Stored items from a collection
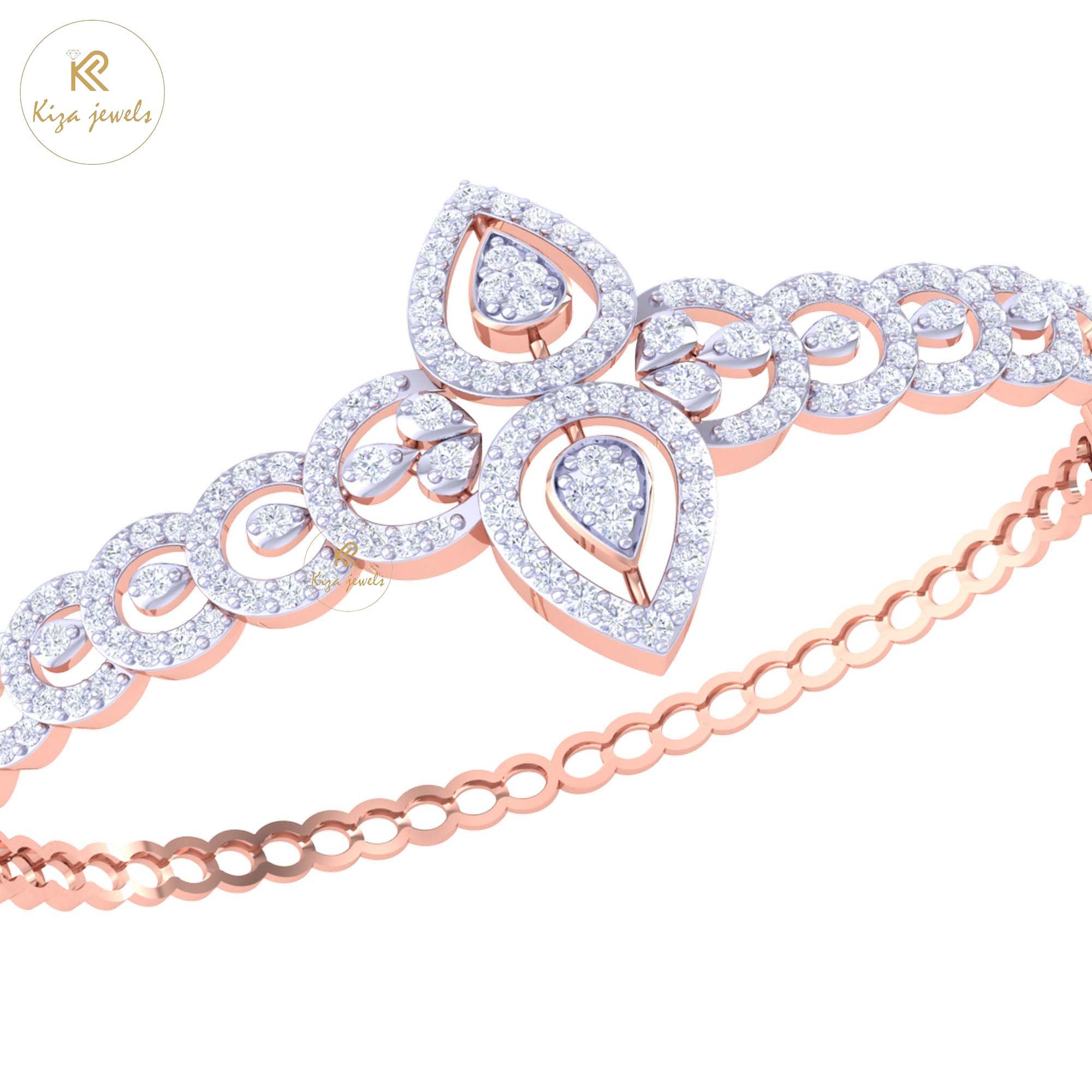 2.15 TDW Round Cut Diamond women's Bangle Bracelet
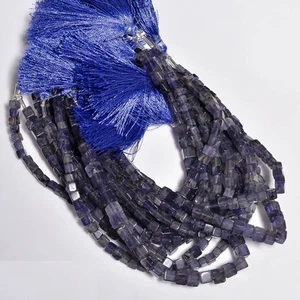 100% Natural Iolite Gemstone Box Shape Smooth Beads 4-5 mm Strand 8" UGB-432 - Picture 1 of 3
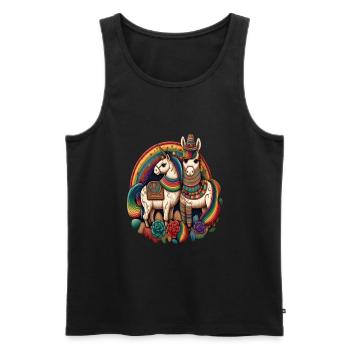 Unicorn Morphed With Llama Funny Mexican Unicorn - Männer Premium Bio Tank Top - Schwarz - Vorne - Michal (187cm)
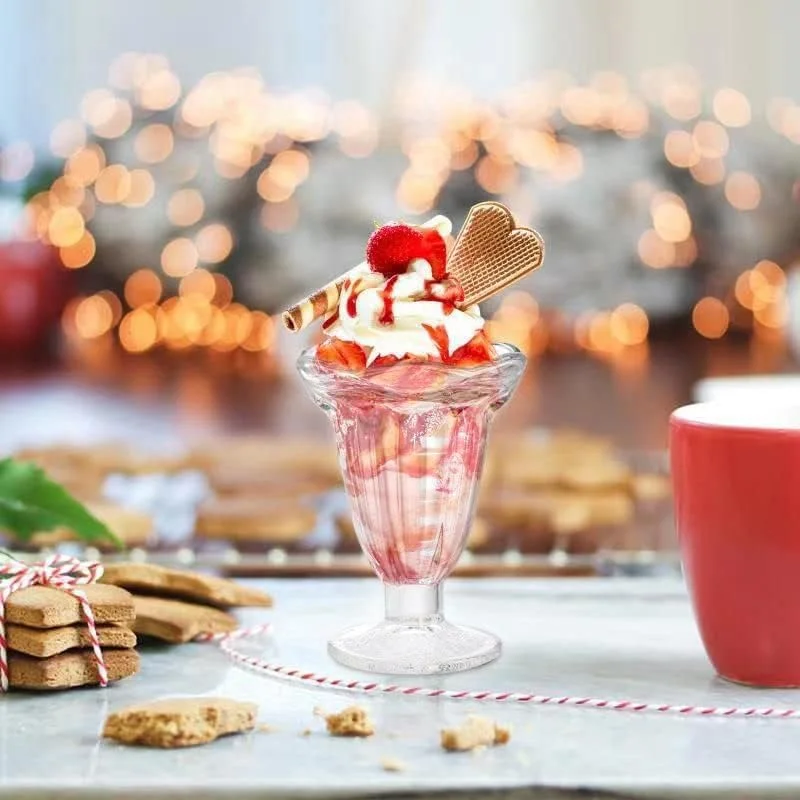 ظروف بستنی خوری شیشه ای پایه دار SYOSI، بسته 6 عددی - کاسه دسر پایه دار 190 میلی لیتری، مناسب بستنی، میلک شیک، شربت، میوه و تنقلات، ظروف شیشه ای زیبا برای مهمانی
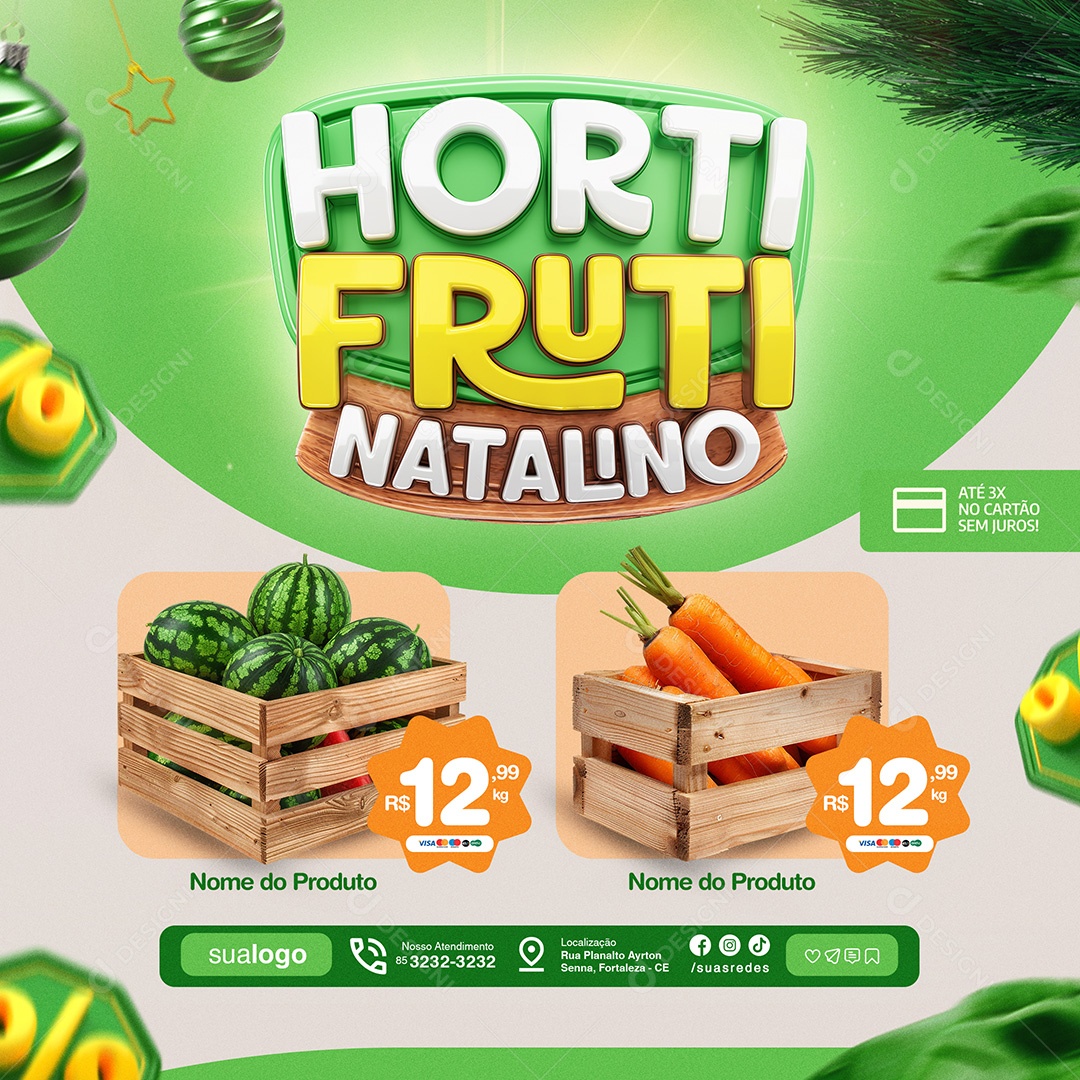 Hortifruti Natalino Social Media PSD Editável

Exercise description
Each entry above should come back word for word, and no picture should come with it.

Answer section
 2.15 TDW Round Cut Diamond women's Bangle Bracelet
 100% Natural Iolite Gemstone Box Shape Smooth Beads 4-5 mm Strand 8" UGB-432 - Picture 1 of 3
 Unicorn Morphed With Llama Funny Mexican Unicorn - Männer Premium Bio Tank Top - Schwarz - Vorne - Michal (187cm)
 ظروف بستنی خوری شیشه ای پایه دار SYOSI، بسته 6 عددی - کاسه دسر پایه دار 190 میلی لیتری، مناسب بستنی، میلک شیک، شربت، میوه و تنقلات، ظروف شیشه ای زیبا برای مهمانی
 Hortifruti Natalino Social Media PSD Editável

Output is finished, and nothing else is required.